About this task
Among the lines of the data below, count those that hold the word "priced". Answer with the number alone.

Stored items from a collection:
▽

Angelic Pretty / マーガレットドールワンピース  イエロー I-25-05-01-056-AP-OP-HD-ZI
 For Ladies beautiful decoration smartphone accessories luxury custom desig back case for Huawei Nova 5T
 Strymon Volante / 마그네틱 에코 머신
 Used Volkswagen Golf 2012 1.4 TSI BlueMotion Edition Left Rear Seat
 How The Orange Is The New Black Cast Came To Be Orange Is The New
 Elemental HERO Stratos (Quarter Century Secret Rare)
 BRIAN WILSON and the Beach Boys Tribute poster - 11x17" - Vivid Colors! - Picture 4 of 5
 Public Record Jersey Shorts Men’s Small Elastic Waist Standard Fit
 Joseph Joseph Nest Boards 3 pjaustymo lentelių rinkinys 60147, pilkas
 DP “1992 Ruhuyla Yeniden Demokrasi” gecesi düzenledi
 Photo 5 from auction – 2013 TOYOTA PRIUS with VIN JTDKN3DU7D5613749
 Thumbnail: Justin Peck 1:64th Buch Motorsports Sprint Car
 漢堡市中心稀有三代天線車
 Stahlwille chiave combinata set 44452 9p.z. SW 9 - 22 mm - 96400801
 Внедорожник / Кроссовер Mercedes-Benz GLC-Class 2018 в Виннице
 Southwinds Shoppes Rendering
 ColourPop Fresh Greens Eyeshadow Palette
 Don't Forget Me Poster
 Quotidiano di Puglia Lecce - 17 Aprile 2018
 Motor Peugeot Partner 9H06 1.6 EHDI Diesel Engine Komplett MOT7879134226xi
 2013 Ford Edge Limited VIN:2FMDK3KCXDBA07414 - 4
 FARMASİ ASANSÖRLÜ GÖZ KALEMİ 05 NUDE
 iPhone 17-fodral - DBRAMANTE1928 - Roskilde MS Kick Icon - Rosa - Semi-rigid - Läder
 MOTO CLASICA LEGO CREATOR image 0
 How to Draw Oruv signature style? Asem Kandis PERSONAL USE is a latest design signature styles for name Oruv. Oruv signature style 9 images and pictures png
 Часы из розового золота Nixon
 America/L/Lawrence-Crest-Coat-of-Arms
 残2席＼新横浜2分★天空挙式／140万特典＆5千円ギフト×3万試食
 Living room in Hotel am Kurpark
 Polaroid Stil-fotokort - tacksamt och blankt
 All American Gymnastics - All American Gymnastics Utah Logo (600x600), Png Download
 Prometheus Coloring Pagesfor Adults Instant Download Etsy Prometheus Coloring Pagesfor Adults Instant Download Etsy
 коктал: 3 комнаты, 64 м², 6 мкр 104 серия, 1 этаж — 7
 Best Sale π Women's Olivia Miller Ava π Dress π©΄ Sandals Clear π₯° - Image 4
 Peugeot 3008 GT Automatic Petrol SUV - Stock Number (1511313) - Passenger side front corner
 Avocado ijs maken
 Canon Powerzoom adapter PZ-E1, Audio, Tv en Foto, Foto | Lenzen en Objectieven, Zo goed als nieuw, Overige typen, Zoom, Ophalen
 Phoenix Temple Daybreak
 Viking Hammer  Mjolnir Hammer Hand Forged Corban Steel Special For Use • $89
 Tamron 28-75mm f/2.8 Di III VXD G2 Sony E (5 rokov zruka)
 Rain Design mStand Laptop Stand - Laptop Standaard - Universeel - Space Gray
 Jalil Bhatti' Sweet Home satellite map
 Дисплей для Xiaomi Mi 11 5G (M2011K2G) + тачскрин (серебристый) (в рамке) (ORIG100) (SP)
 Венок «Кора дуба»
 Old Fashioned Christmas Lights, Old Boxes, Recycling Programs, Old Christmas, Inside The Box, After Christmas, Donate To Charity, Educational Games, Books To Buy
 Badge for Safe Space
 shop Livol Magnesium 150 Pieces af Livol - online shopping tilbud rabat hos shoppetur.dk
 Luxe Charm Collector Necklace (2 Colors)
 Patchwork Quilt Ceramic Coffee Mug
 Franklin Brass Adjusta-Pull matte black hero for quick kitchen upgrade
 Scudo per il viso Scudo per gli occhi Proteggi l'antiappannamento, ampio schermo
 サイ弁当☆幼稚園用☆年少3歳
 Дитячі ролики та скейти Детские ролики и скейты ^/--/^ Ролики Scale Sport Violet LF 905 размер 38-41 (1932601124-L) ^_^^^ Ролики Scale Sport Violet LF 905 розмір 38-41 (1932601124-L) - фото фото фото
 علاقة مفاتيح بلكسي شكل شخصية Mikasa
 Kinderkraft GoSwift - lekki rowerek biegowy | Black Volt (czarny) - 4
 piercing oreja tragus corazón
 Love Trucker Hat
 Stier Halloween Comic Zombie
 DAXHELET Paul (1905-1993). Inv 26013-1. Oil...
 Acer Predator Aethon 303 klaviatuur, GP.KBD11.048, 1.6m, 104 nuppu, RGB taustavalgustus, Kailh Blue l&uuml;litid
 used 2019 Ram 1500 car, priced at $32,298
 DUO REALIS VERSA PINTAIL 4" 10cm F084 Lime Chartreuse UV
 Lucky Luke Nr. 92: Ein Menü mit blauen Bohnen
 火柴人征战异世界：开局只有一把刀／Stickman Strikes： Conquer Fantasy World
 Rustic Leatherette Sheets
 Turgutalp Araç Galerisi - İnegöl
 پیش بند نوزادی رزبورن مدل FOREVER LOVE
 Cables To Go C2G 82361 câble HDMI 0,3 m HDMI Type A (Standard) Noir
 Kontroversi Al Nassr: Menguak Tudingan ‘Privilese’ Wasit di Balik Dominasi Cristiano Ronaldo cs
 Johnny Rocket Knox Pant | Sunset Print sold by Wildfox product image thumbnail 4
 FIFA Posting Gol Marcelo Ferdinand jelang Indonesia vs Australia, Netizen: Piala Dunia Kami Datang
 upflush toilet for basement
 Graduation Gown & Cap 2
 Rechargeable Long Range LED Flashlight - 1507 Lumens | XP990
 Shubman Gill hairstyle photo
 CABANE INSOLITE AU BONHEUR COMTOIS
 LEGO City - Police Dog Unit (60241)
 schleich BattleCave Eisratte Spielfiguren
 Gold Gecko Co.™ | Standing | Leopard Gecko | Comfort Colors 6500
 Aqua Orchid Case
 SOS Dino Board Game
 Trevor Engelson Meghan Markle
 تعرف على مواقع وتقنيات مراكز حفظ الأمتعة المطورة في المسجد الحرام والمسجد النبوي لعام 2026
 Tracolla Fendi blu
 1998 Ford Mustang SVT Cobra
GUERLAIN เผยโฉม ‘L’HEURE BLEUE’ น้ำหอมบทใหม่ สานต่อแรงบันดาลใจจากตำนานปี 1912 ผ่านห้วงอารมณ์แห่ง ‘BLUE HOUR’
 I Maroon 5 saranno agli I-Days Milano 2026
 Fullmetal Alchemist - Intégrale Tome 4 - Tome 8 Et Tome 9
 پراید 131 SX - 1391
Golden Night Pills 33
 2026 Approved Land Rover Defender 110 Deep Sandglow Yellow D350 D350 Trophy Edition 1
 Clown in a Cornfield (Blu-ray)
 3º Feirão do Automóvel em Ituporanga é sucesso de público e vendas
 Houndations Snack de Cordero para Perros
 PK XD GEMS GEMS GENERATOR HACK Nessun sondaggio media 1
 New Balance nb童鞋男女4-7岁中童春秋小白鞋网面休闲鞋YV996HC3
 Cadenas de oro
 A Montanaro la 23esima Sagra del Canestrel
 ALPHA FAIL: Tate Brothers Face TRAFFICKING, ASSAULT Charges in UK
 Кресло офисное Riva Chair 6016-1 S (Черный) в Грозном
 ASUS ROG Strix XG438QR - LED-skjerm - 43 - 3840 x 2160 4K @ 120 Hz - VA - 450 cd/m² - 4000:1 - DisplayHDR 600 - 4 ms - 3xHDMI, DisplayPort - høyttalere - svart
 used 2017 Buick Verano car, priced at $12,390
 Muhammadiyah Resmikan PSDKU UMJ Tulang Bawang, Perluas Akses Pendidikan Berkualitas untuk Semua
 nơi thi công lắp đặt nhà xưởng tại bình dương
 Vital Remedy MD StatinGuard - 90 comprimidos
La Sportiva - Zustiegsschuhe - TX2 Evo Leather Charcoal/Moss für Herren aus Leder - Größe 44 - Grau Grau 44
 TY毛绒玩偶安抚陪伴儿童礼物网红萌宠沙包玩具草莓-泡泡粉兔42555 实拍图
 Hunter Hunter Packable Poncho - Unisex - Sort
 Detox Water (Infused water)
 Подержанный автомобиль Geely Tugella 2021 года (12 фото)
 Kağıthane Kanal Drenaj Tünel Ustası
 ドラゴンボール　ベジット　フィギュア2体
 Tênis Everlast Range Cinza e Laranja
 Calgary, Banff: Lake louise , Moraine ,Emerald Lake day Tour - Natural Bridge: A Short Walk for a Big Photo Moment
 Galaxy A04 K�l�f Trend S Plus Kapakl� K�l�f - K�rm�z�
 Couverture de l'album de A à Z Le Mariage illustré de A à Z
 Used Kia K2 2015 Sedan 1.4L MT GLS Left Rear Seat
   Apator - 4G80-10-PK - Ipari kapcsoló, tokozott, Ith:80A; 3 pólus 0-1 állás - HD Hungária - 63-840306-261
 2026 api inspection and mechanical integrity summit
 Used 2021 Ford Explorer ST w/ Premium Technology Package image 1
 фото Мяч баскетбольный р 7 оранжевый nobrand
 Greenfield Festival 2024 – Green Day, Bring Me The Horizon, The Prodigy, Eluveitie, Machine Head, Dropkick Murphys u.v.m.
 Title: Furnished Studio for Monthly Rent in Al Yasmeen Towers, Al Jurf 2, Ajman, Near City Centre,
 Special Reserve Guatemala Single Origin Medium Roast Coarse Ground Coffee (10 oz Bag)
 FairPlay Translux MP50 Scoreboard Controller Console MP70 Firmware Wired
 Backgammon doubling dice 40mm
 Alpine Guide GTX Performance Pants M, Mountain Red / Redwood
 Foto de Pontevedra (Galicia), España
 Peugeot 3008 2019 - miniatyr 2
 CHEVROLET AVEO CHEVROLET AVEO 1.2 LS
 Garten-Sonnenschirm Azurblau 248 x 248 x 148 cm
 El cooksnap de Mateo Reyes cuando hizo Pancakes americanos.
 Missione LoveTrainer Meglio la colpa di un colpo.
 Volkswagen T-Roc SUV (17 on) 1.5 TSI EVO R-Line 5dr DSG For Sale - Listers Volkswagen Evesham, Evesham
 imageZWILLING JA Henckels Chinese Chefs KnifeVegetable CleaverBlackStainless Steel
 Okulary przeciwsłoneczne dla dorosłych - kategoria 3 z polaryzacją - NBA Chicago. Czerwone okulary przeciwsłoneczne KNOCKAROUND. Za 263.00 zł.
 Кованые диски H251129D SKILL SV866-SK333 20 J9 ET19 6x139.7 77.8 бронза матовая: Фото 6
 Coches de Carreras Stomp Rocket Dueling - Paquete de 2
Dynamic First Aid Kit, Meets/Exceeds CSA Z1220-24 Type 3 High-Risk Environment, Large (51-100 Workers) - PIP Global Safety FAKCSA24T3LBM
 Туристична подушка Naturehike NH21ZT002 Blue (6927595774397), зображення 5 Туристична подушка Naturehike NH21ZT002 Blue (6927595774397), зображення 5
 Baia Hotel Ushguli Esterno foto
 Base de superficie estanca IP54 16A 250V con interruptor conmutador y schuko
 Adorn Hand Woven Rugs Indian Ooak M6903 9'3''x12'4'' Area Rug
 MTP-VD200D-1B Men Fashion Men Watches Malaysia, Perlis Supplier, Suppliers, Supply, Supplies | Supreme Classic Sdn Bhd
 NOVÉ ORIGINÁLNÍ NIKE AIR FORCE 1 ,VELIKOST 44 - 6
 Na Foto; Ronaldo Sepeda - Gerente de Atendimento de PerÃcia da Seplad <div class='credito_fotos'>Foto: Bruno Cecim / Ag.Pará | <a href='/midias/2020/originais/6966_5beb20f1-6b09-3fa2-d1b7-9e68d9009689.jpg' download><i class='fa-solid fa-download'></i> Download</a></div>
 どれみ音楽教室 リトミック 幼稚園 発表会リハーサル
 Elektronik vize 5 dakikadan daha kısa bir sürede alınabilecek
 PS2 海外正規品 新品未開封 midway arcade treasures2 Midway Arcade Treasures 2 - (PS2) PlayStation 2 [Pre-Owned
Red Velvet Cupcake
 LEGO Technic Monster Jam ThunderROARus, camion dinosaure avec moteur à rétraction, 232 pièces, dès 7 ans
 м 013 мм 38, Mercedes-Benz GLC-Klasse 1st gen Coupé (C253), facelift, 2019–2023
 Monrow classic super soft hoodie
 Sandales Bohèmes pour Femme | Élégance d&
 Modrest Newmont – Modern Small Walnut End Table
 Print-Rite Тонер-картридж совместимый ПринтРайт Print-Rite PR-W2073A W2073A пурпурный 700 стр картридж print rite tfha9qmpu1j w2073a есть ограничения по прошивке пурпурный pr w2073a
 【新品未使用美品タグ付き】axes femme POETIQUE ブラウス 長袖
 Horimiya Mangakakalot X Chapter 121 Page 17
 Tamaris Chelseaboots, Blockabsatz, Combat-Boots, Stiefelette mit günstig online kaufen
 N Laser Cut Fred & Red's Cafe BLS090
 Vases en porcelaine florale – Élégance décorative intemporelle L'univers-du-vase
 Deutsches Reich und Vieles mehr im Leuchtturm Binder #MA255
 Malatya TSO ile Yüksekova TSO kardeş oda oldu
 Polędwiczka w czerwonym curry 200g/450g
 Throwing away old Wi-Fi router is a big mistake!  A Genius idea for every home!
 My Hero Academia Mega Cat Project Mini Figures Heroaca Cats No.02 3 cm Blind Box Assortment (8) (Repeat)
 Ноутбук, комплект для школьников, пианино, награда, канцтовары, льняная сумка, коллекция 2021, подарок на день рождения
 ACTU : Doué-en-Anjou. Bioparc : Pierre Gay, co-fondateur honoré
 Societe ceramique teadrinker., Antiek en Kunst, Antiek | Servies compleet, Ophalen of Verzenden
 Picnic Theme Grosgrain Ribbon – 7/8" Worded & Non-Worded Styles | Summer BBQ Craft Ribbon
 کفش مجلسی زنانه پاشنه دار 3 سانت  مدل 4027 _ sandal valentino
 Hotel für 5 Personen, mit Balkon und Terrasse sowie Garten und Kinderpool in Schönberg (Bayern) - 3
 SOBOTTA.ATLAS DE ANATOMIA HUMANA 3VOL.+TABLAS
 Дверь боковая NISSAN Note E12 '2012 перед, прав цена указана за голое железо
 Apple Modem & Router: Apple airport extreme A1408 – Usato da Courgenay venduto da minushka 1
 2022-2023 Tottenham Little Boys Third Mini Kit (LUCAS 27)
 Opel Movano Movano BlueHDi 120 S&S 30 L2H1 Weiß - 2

△

Task answer
2